鈍想愚感

何にでも興味を持つ一介の市井人。40年間をサラリーマンとして過ごしてきた経験を元に身の回りの出来事を勝手気ままに切る

”安倍なにがしも米国のトランプもだれかの足先で踊っているコマのひとつに過ぎない”

2017-06-10 | Weblog
 9日は川崎・武蔵小杉の川崎市民アカデミーでの経済講座「1917年と2017年ーーアメリカ発ふたつの大転換点の世界経済を読み解く」の第6回目の授業「資本の集積と集中」を聴講に行った。駒沢大の瀬戸岡紘名誉教授によるもので、1917年にイギリスの客船ルシタニア号がドイツ軍の潜水艦に撃沈され、米国人128人が死亡したことから米国は第一次世界大戦に参戦し、世界の経済と政治の覇権を握ることになったが、それから100年経ってトランプ政権の登場により米国はその座を降りることとなった、それで世界の政治経済はどうなるかを読み解こう、というのがこの講座のテーマで、農業から始まって産業ごとに点検してきた。

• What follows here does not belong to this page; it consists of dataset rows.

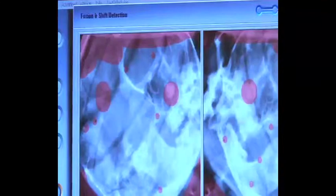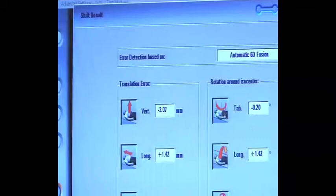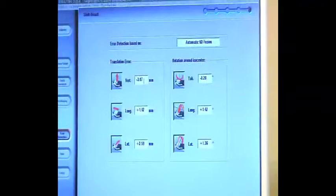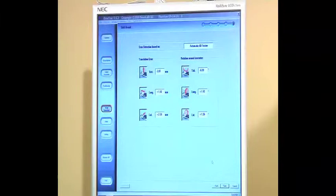I'll proceed by approving the fusion and go next to apply these shifts — the discrepancy between my current alignment and the patient positioning at simulation. Position my couch ready for cone beam CT acquisition.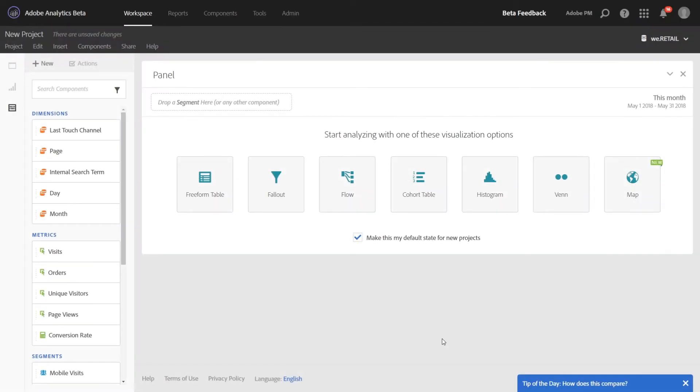Hi, this is Jen Lasser with Adobe Analytics Product Management. In this video I'm going to introduce a new feature that we're calling In-Product Workspace Tips.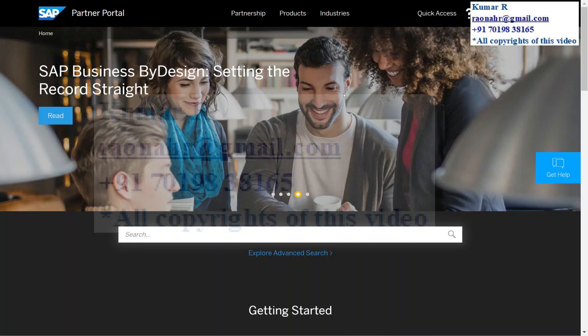In this video, I'm going to show some of the steps where you can download configuration workbooks, DTD files, and all those things in SAP Partner Edge. This is the home page once you log into SAP Partner Edge.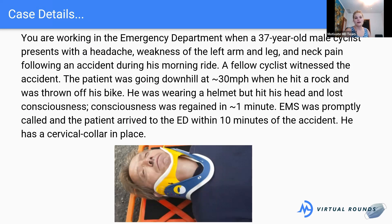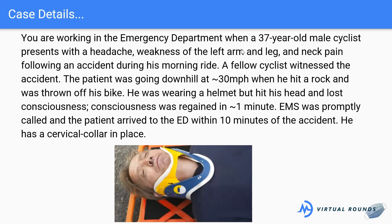Let's get started with our case. You are working in the emergency department when a 37-year-old male cyclist presents with a headache, weakness of the left arm and leg, and neck pain following an accident during his morning ride. A fellow cyclist witnessed the accident — the patient was going downhill at around 30 miles per hour when he hit a rock and was thrown off his bike. He was wearing a helmet but hit his head and lost consciousness, which was regained in about one minute. EMS was promptly called and the patient arrived to the ED within 10 minutes of the accident. He has a cervical collar in place.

 この日は金融がテーマで、米国は1944年のブルトンウッズ体制に入るとともに米国が世界の金融を圧倒的に支配し始めたところから始まり、ケインズ主義、独占企業、金融資本と進み、第二次世界大戦以降70年間で世界の人口が3倍になったのに比べGDPは9倍になっていることを指摘するとともに、資本は巨大化していく魔力を持っているとも指摘した。新自由主義のもとでは政府主導でなく、金融資本が経済を主導するようになり、かつては「農業」があるから「工業」が起こり、「商業」、「金融」が発展していく構造となっていたのがいまや「金融」が「商業」をリードし、あわせて「工業」も「農業」も動かしていくような時代になった、という。

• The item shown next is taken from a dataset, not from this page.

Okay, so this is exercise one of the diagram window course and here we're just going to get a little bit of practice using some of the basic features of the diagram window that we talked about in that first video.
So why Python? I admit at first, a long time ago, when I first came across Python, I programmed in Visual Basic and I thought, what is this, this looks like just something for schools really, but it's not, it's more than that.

 そして以前は「他人の財産を泥棒しない」ことを前提に自由な資本蓄積活動をしてきたアダム・スミス以来の理想の経済が「他人の財産を泥棒してまでも資本の蓄積を強行する」に置き換わってしまった、という。もちろん、公然と言われているわけではないが、いまの金融資本の行動パターンはこうでも考えなければ理解できないものとなっている。もちろん、正面切ってそう言っているわけではない。表面的には金融工学なる言葉でオブラートに包んだものの言い方で庶民をうまく乗せて、投資の世界に誘い込んで、最終的にはお金を巻き上げてしまう。

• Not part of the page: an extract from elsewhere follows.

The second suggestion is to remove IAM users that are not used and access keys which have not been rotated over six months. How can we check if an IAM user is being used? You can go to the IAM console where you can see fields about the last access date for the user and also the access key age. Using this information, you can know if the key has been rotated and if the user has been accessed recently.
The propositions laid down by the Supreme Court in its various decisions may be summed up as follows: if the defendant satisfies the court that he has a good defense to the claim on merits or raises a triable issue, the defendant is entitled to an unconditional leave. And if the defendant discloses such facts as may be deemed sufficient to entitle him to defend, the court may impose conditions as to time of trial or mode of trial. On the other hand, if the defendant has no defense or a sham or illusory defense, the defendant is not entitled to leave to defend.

 なるほどいまの経済を牛耳っているのは金融資本で、世界の富のほとんどを握っているのは米国でいえばロックフェラー、モルガンといった財閥であり、アングロサクソンのユダヤ商人である。ごく表面的にはトランプという名前の政治家が保護主義への回帰なるお題目を唱えて大改革らしきことをやろう、としており、世界がその一挙手一投足に一喜一憂しているが、その後ろで糸を引っ張っているのはロックフェラーであり、モルガンということなのだろう。

 瀬戸岡教授は安倍なにがしなる人物もトランプ同様、世界の金融資本の足先で踊る一ダンサーに過ぎない、と喝破した(そういえばその安倍は昨年末にトランプと意気投合した、と帰国早々に欣喜雀躍していたことがあったことを思い出すと可笑しい)。その舌鋒で、問題の金正恩も単なる看板役を務めているだけで、後ろで糸を引いているのは軍で、彼らは決して表には出てこない、とも語った。その北朝鮮の軍がいかなるルートで金融資本とつながっているかは明らかではないが、どこかでだれにも知られない形で結びついていることは容易に想像できる。北朝鮮の核実験やサイバー攻撃などの話を聞くにつけ、北朝鮮の国力を超えたパーフォーマンスが出ていることを考えれば、そう思わざるを得ない側面もある。

 瀬戸岡教授は以前に川崎市民アカデミーはもともと市民大学を目指して設置されたもので、単なる文化センターではない、と発言したことがあり、そうした思いで講座で講演している、とも語ったことがある。だからか、時々、眠って聞いていると目を覚まされられるような言辞が飛び出し、目を瞠らせられるようなことがある。この日の講座がまさにそうであった。こうしたことがあるからせっせと川崎市民アカデミーに足を運ぶのである。